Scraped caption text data
__________________________________________________

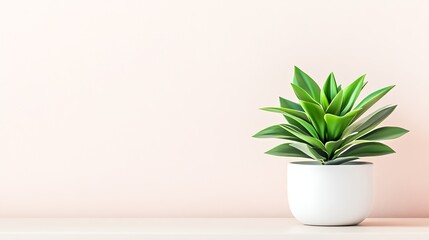 Minimalistic Green Succulent in Sleek White Planter on Subtle Background : Generative AI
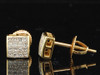 Diamond Stud Earrings Mens 14K Yellow Gold Square Princess Cut 0.61 Tcw.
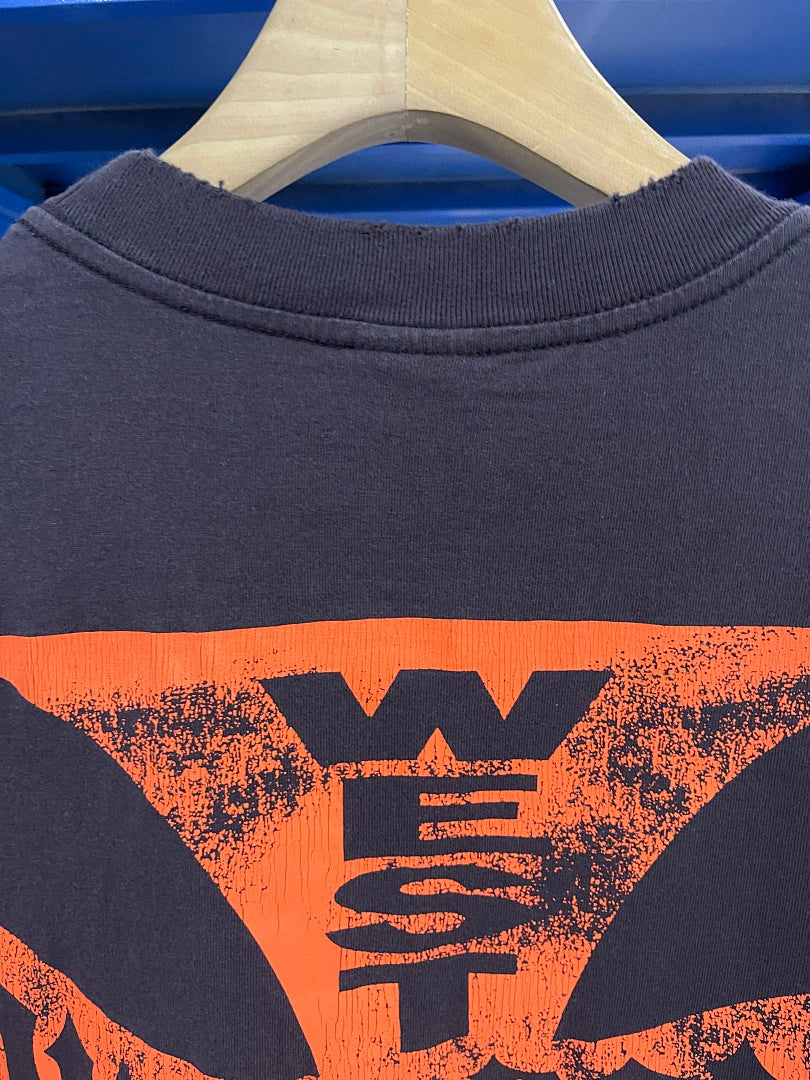 West Coast Choppers Vintage Washed Black Orange Cross Graphic sweatshirt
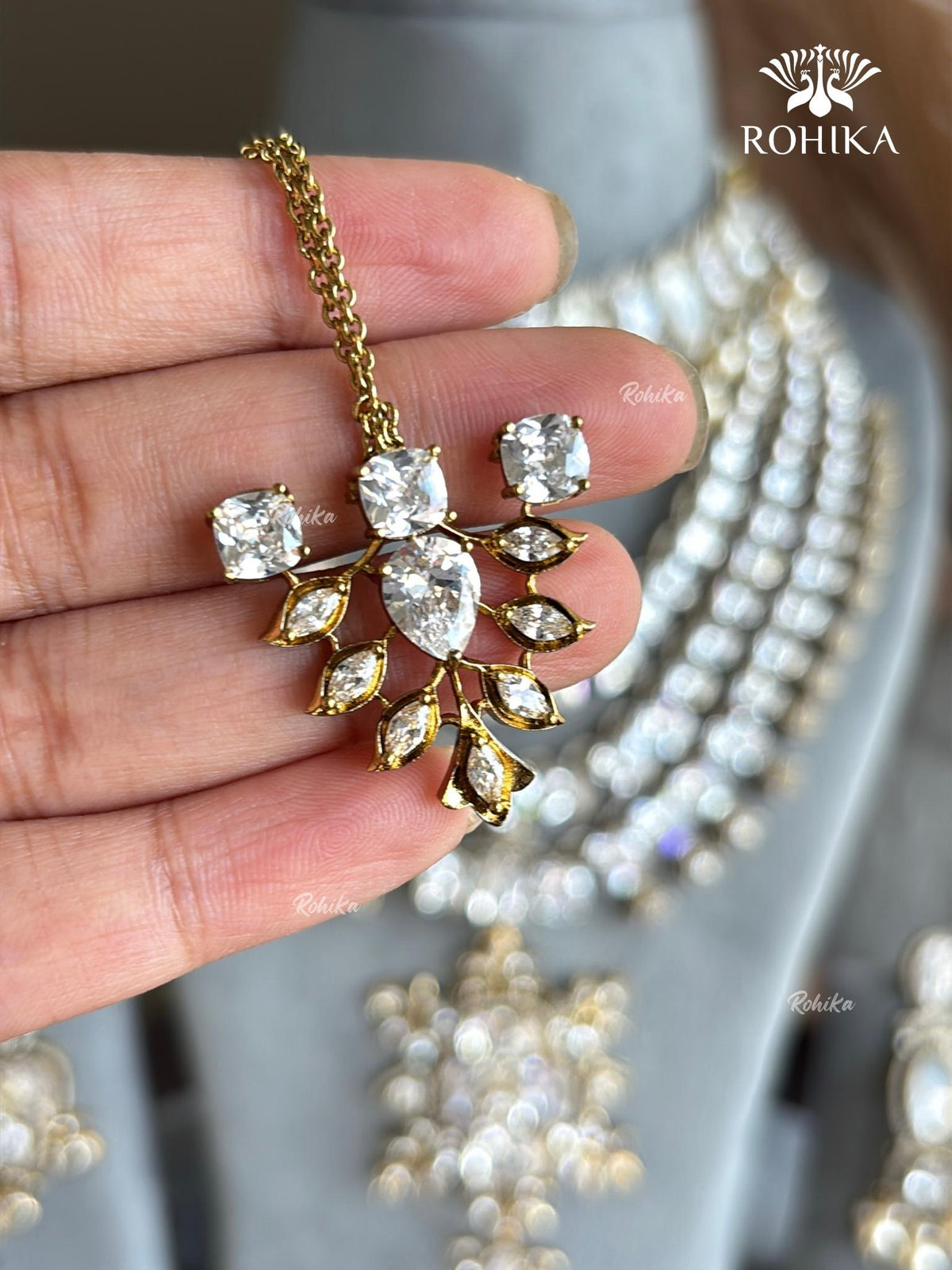 Olivia AD Layered Necklace Set  - White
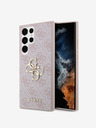 Guess PU 4G Metal Logo Zadní Kryt pro Samsung Galaxy S24 Ultra Pink Etui za telefon
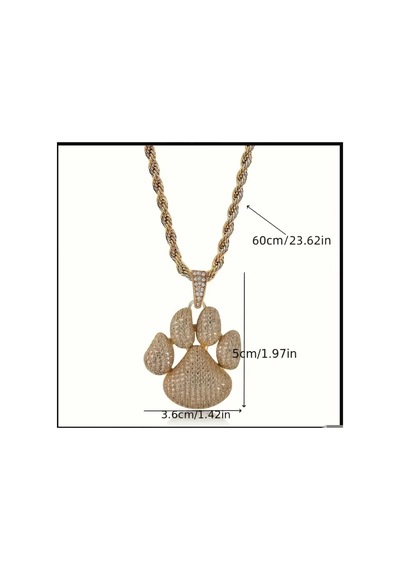 Yıwu 1pc Hip Hop Buz Köpek Pençesi Kübik Zirkonyum Buz Kristali Ayı Pençesi Altın Rengi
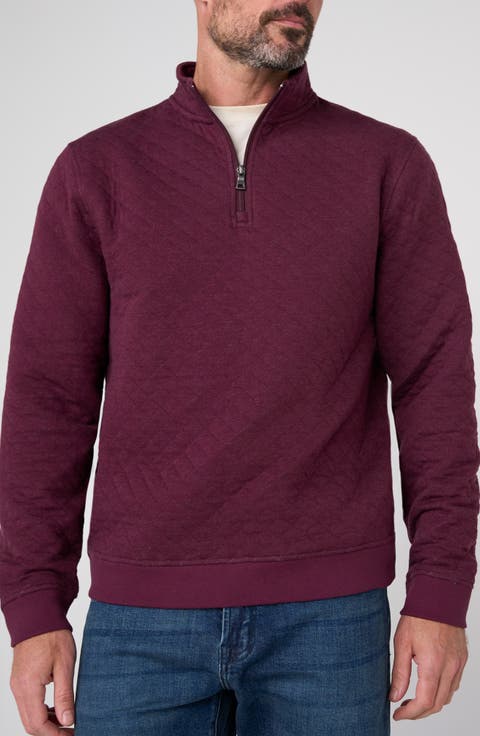 Diamond Quilted Quarter Zip Pullover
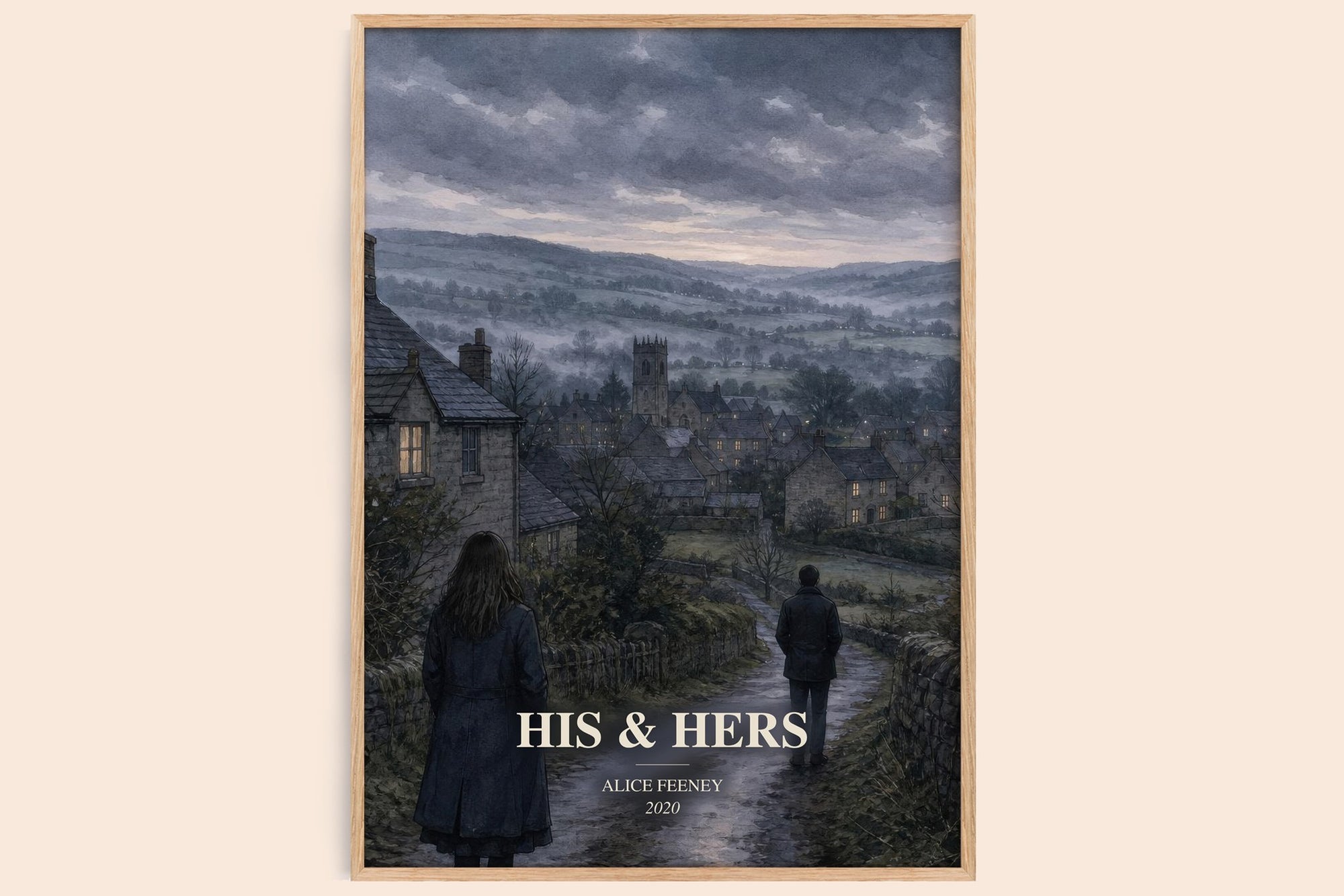 His & Hers watercolour book poster by Alice Feeney – framed literary art print
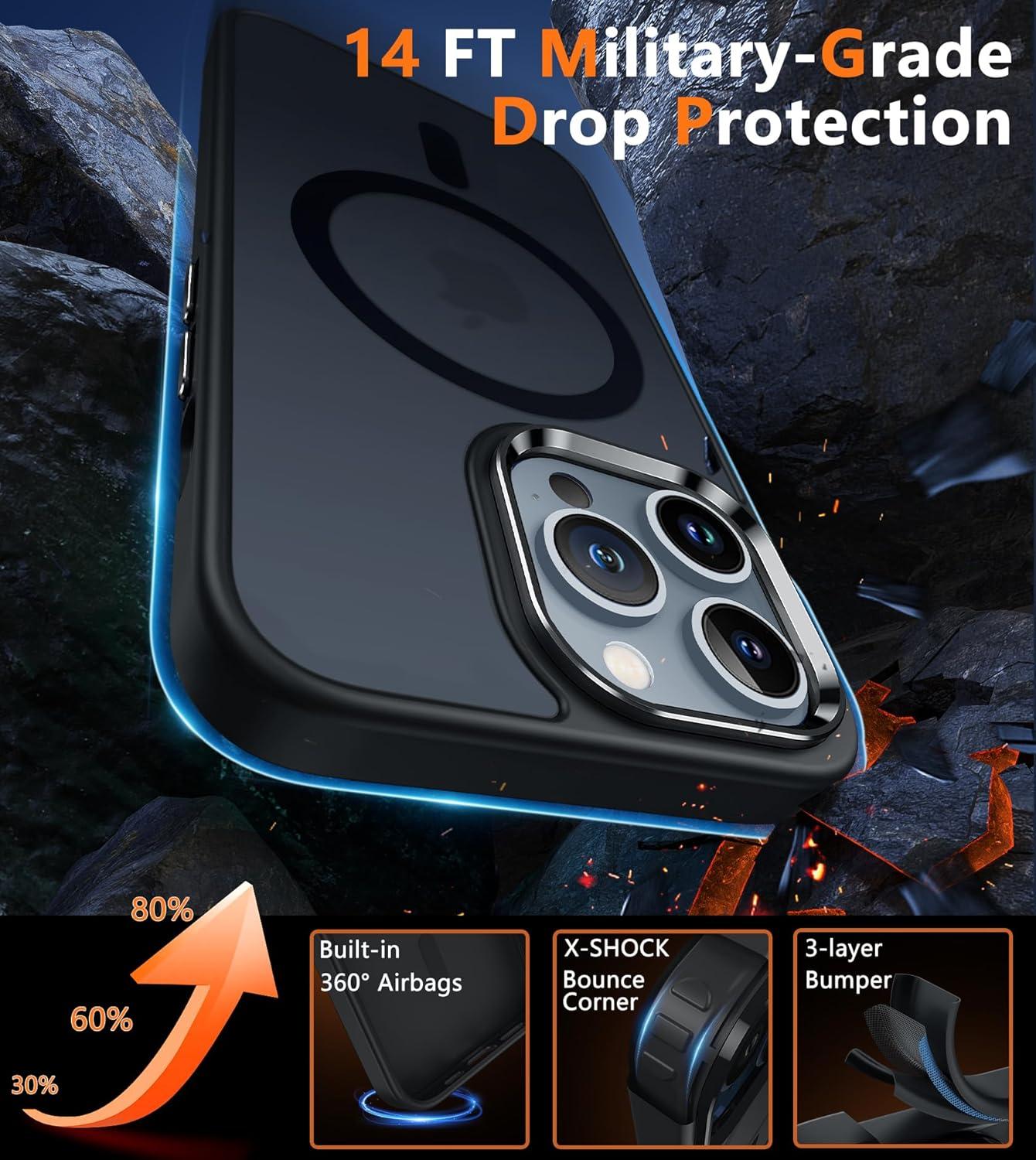 imageFNTCASE for iPhone 15 Pro Case Compatible with Magsafe Translucent Matte Magnetic Phone Cover Military Grade Drop Protection Shockproof Protective Cases BlackBlack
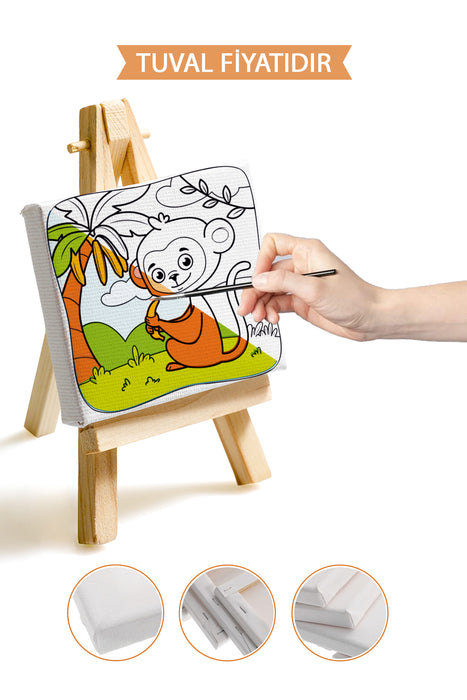 Sevimli Maymun Ön Çizimli Boyama Tuvali 9051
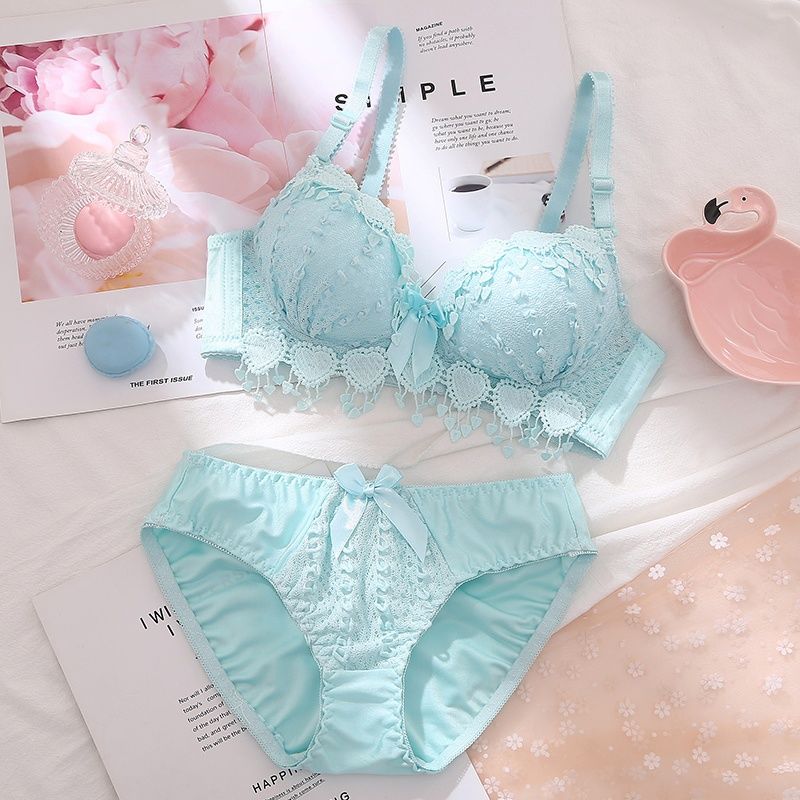 Beautiful Breathable Bra Set Women's Soft Underwear Set Comfortable Brassiere Gather Bralette Wireless Intimates Lingerie Suit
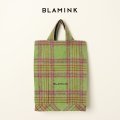 BLAMINK ブラミンク アルパカウールチェックトートバッグ{7932-299-0090-OLV-BJA}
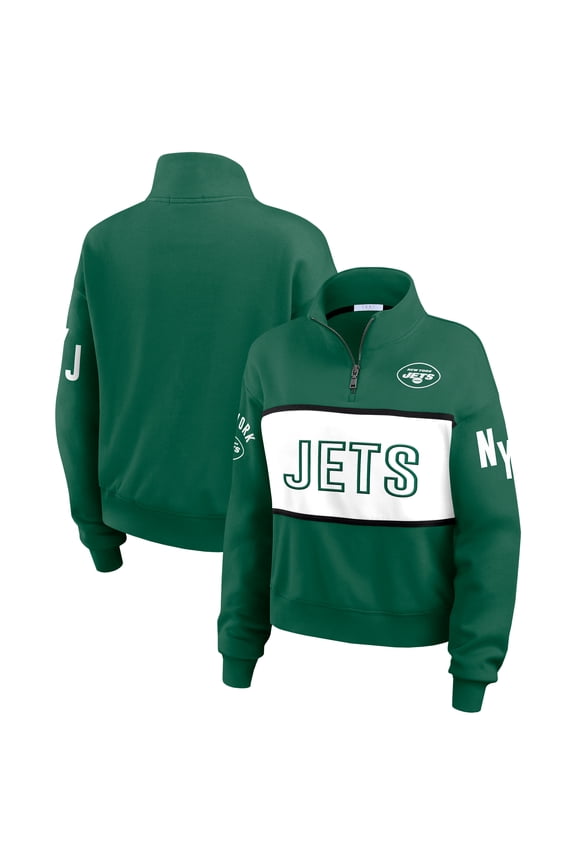 Women's WEAR by Erin Andrews Green New York Jets Quarter-Zip Jacket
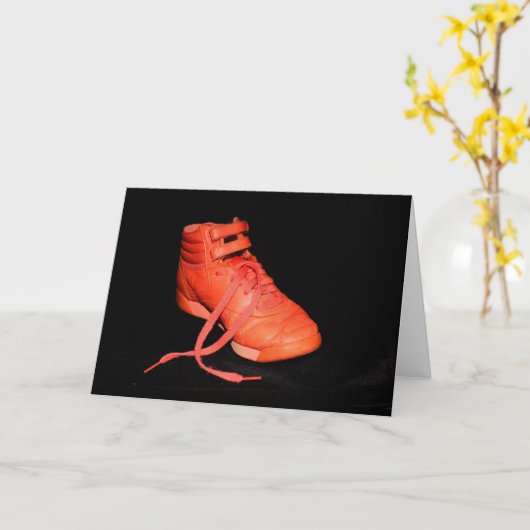 Orange Shoe Glad arbeite ich für Sie? Boss's Day Karte (Gelbe Blume)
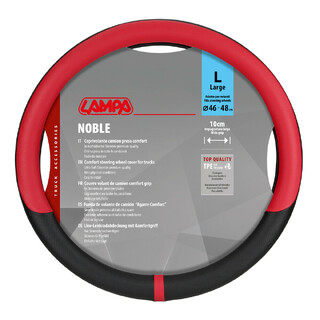 Lampa - Κάλυμμα Τιμονιού Φορτηγού NOBLE από Skeentex L 46-48εκ. Άοσμο Μαλακό αντιολισθητικό εύκολη τοποθέτηση φαρδιά λαβή 10εκ. Μαύρο / Κόκκινο - 1 τεμ. (L9708.8)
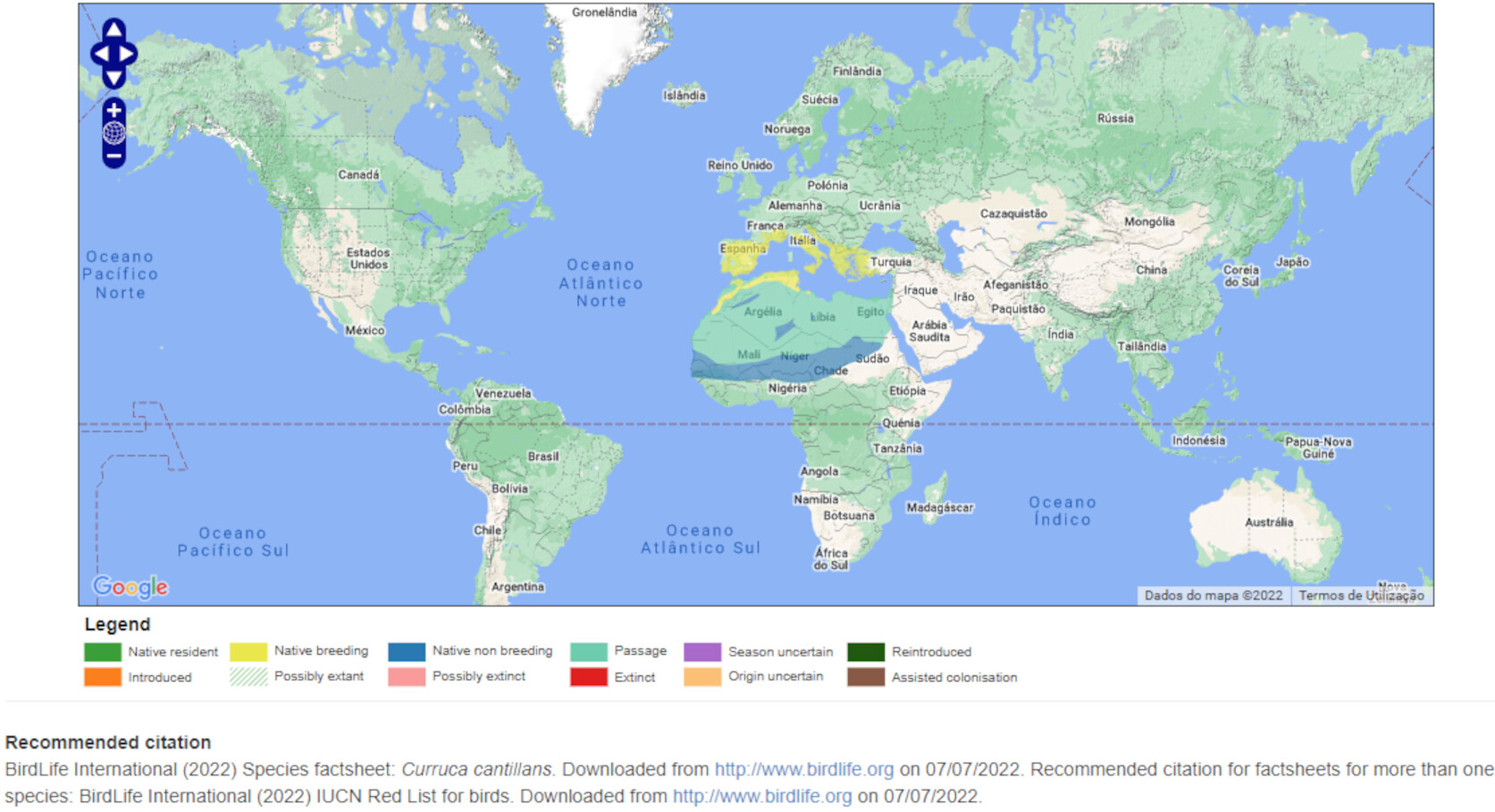 Mapa de Distribuição Mundial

__________________________________________________

The first line of the entries, the line containing "Olivia AD Layered", and every line between them are to be output exactly; pictures are not.

 Minimalistic Green Succulent in Sleek White Planter on Subtle Background : Generative AI
 Diamond Stud Earrings Mens 14K Yellow Gold Square Princess Cut 0.61 Tcw.
 West Coast Choppers Vintage Washed Black Orange Cross Graphic sweatshirt
 Olivia AD Layered Necklace Set  - White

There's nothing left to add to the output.